Of great importance was Route Coloniale 4, a highway which connected a string of French forts along the northern border at Cao Bằng, Dong Khé, Thất Khê and Lạng Sơn: remote, hilltop towns surrounded by rugged mountain terrain connected by poor roads snaking through a blanket of jagged mountains. The isolated forts proved difficult bases to defend, the French relying largely on standing armies encamped within the forts as well as the superior build quality and defensive capabilities of the structures themselves.

After working for the Information Office in Hanoi, Huỳnh Văn Thuận joined the National Salvation Youth Union (renamed from the Hồ Chí Minh Communist Youth Union at the time) in the Việt Bắc until 1951.  During this time, Thuận contributed to and organised exhibitions, sometimes collaborating with his contemporaries.

Thuận’s First Indochina War series of cartoon illustrations were all made in late-1950 for exhibitions in the countryside to members of the Việt Minh.

Figure 1: Huỳnh Văn Thuận, 1950. “Chiều vàng lên thắm cờ hồng; Thách ai ra trận lập công chuyến này; Chuyến này phải giết nhiều tây; Diệt sinh lực địch, ra tay “Tân anh hùng (Yellow sunshine of the afternoon dyes deep the pink flag; Dare whom to go to the battle and make achievement this trip; This trip has to kill lot of westerners).” Ink and watercolour on machine-made paper.
Figure 2: Huỳnh Văn Thuận, 1950. “Đôi ta như bóng với hình; Đồng tâm diệt địch chúng mình mến nhau (We are like an image and shadow; We are in consensus to kill the enemy and we like each other).” Ink and watercolour on machine-made paper.

Many of Thuận’s paintings in this series point to a decidedly revolutionary intent of riding North Vietnam of French control (figs. 1 and 2).

Other artworks document the importance put on heavy artillery by the Việt Minh (fig. 3), with Thuận repeatedly using the image of an elephant to represent the heavy and powerful heavy artillery guns. Not only a symbolic animal in Vietnamese culture often associated with royal households, elephants also played a large part in Vietnam’s history of war, most famously carrying the two warrior sisters, Trưng Trắc and Trưng Nhị, into battle against the Chinese in 40AD.

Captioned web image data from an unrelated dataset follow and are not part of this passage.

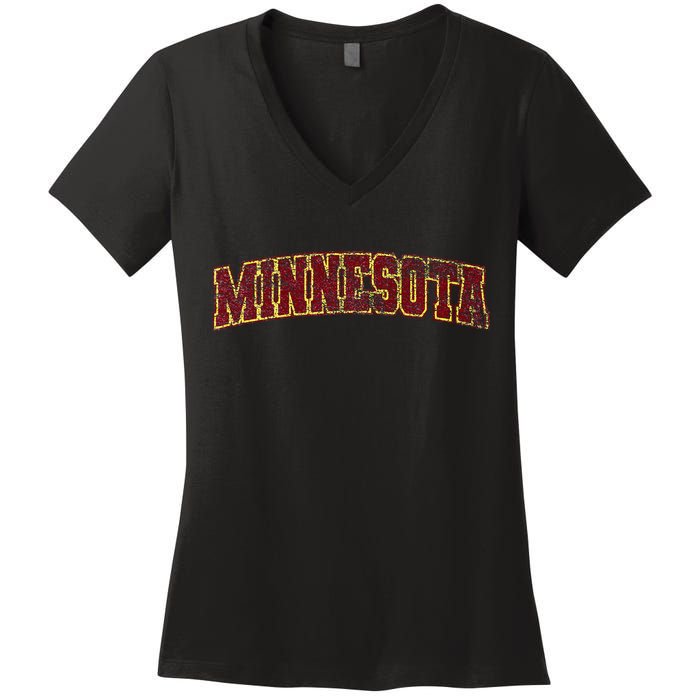 Minnesota Mn State Varsity Style Faded Design Women's V-Neck T-Shirt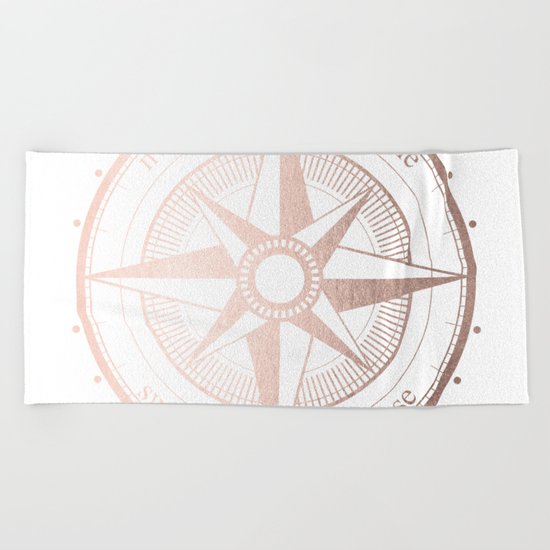 Rose Gold Compass Beach Towel
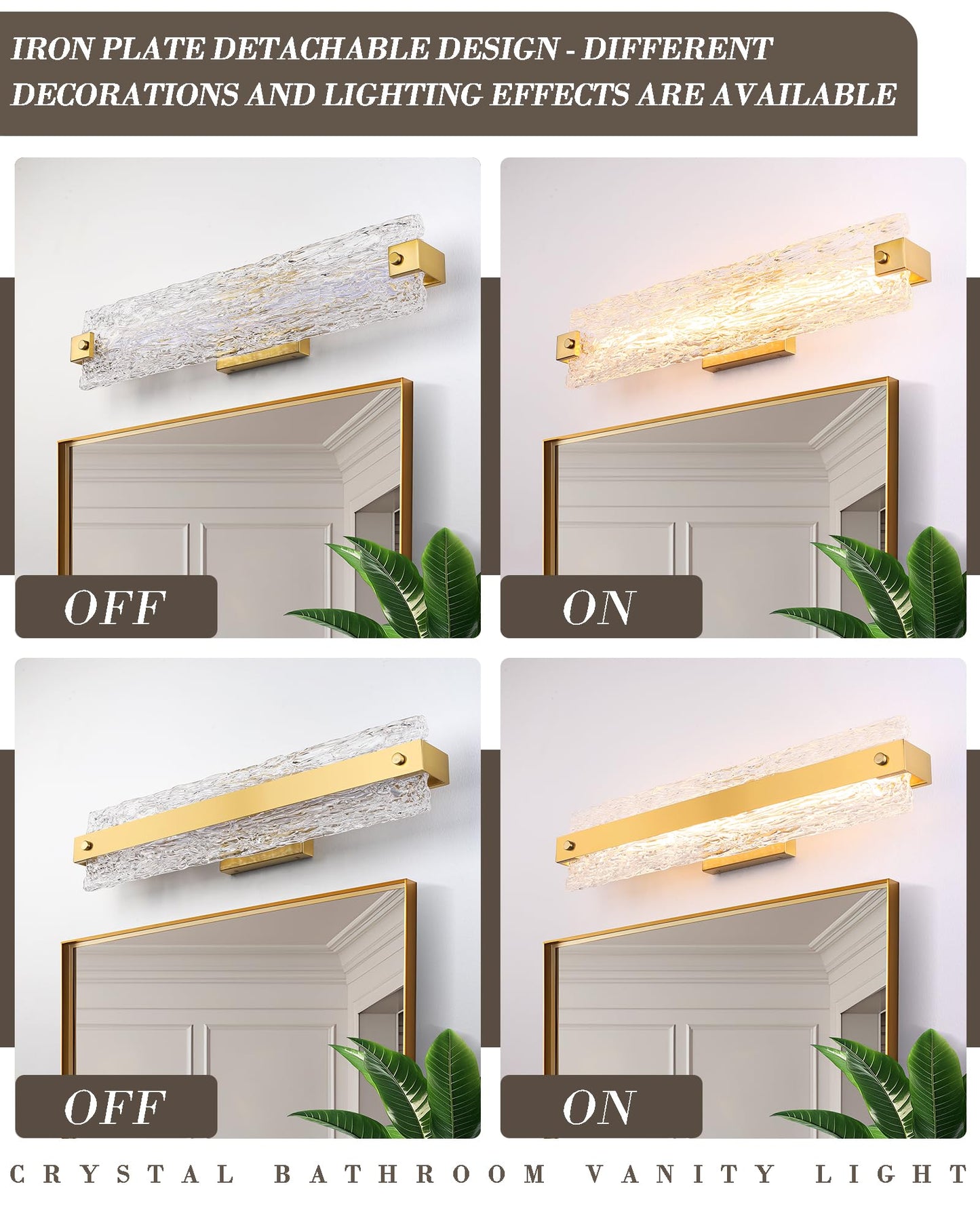 Osimir Brushed Gold Led Bathroom Vanity Light  24.4 Inch 15W Modern Dimmable Bathroom Light Fixture Over Mirror  Crystal Bar Wall Sconce Lighting For Bath  3Cct  Os-Mm5001-3Bg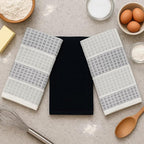 Black Gray Kitchen Dish Towels- Set of 3 100% Cotton Cloth Soft Cleaning Drying - Image 4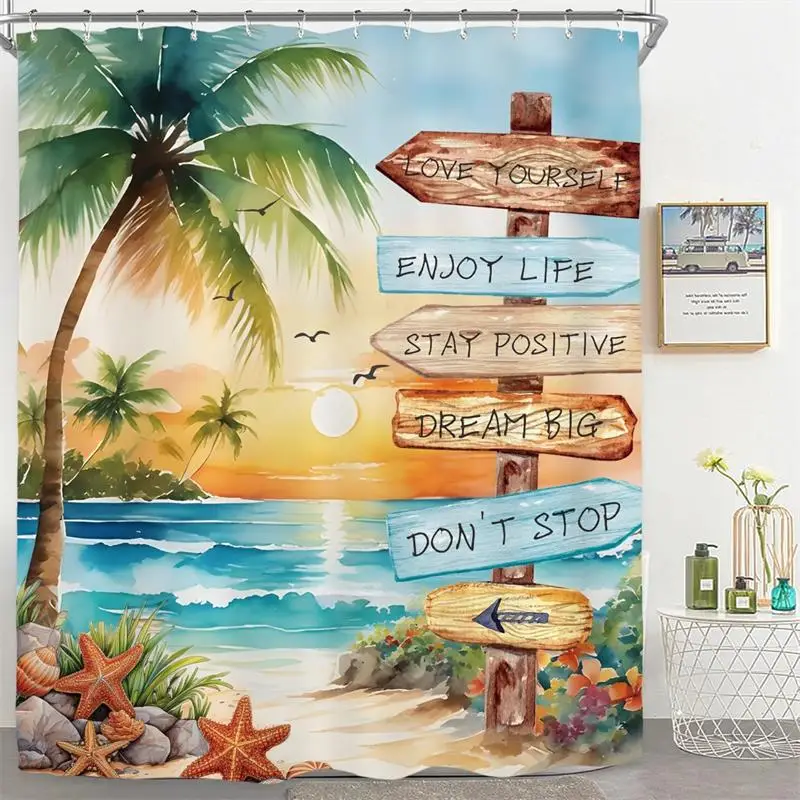

Tropical Beach Palm Tree Shower Curtain Ocean Coastal Sunset Watercolor Scenery Inspirational Art Printed Fabric Bathroom Decor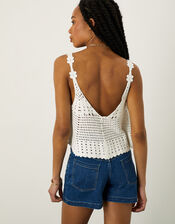 Crochet Cami Top, White (WHITE), large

Figure 3: Huỳnh Văn Thuận, 1950. “…Ngày mai voi quyết bắn phèo đồn Tây (…Tomorrow the elephants are determined to fire into the Western enemy’s post).” Ink and watercolour on machine-made paper.

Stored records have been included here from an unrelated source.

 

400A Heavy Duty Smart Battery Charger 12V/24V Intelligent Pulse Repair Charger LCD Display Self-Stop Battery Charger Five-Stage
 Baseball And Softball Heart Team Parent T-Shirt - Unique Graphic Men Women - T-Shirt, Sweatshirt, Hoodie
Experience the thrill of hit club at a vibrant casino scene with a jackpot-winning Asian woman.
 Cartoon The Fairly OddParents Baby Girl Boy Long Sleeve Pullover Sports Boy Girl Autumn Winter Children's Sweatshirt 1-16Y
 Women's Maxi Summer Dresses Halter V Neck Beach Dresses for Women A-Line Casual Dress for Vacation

Remarkably, while again using the image of an elephant, Thuận foresaw how the Viet Minh would have to haul heavy artillery cannons over the mountains of northwest Vietnam to battle the French military (fig. 4).

Figure 4: Huỳnh Văn Thuận, 1950, mountains of northwest Vietnam. “Tú Anh Hôm nay vất vả leo đèo… (Today is a hard day of hill climbing…).” Ink and watercolour on machine-made paper.

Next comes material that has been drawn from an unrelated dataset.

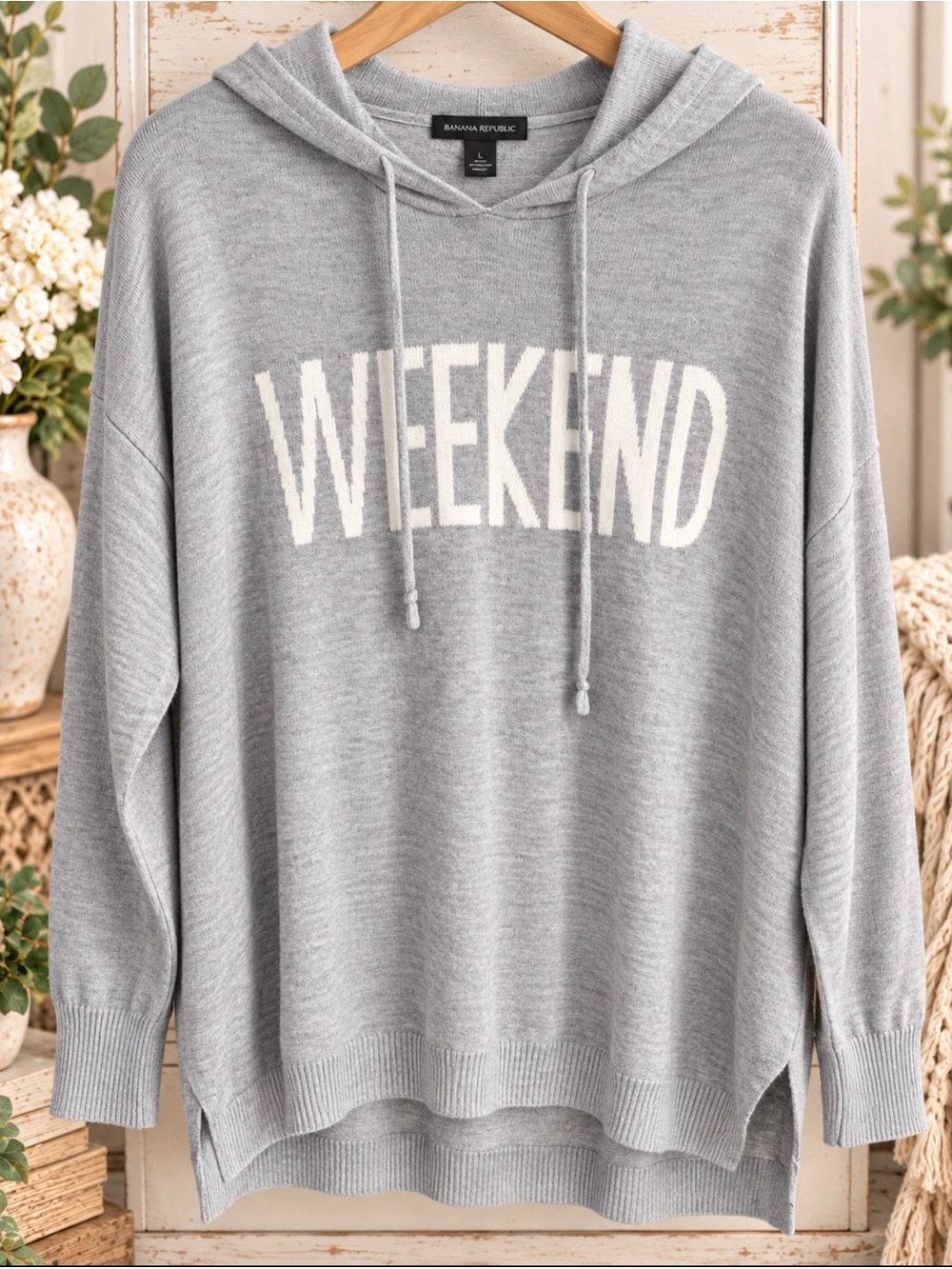 Rachel Zoe Light Gray Hooded Knit Pullover with Cream 'WEEKEND' Lettering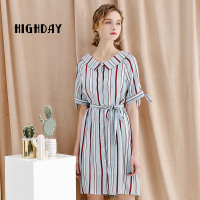 highday轩日春秋款时尚衬衫裙简约女裙蝴蝶结收腰短袖条纹连衣裙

The unexpected transportation and use of heavy artillery by the Việt Minh at the battle of Điện Biên Phủ was one of the ways in which the French underestimated the fighting strength of the Vietnamese forces. It was a key factor in the Việt Minh victory at Điện Biên Phủ and the end of French colonial power in Indochina.

As well as using strong imagery to convey the success and ultimate victory of Việt Minh resistance, Thuận also imbued these paintings with poetic lines of inspiration to better illustrate the images. As well as a sense of camaraderie, these inscriptions also alluded to the “love” the Việt Minh had for their artillery, further reiterating the equipment’s importance (fig. 5).

Figure 5: Huỳnh Văn Thuận, 1950, mountains of northwest Vietnam. “Tú Anh; Yêu anh bằng vạn lá rừng Nhắn anh vệ pháo xin đừng đấm lưng (Love you as much as a thousand leaves in the forest; Please tell the artillery man not to hit your back).” Ink and watercolour on machine-made paper.

Thuận went on to work at the Fine Arts Department of enemy operations in Thái Bình until 1954. Again at the centre of the action in Thái Bình, Thuận’s work would directly contribute to General Võ Nguyên Giáp’s Red River Delta Offensive.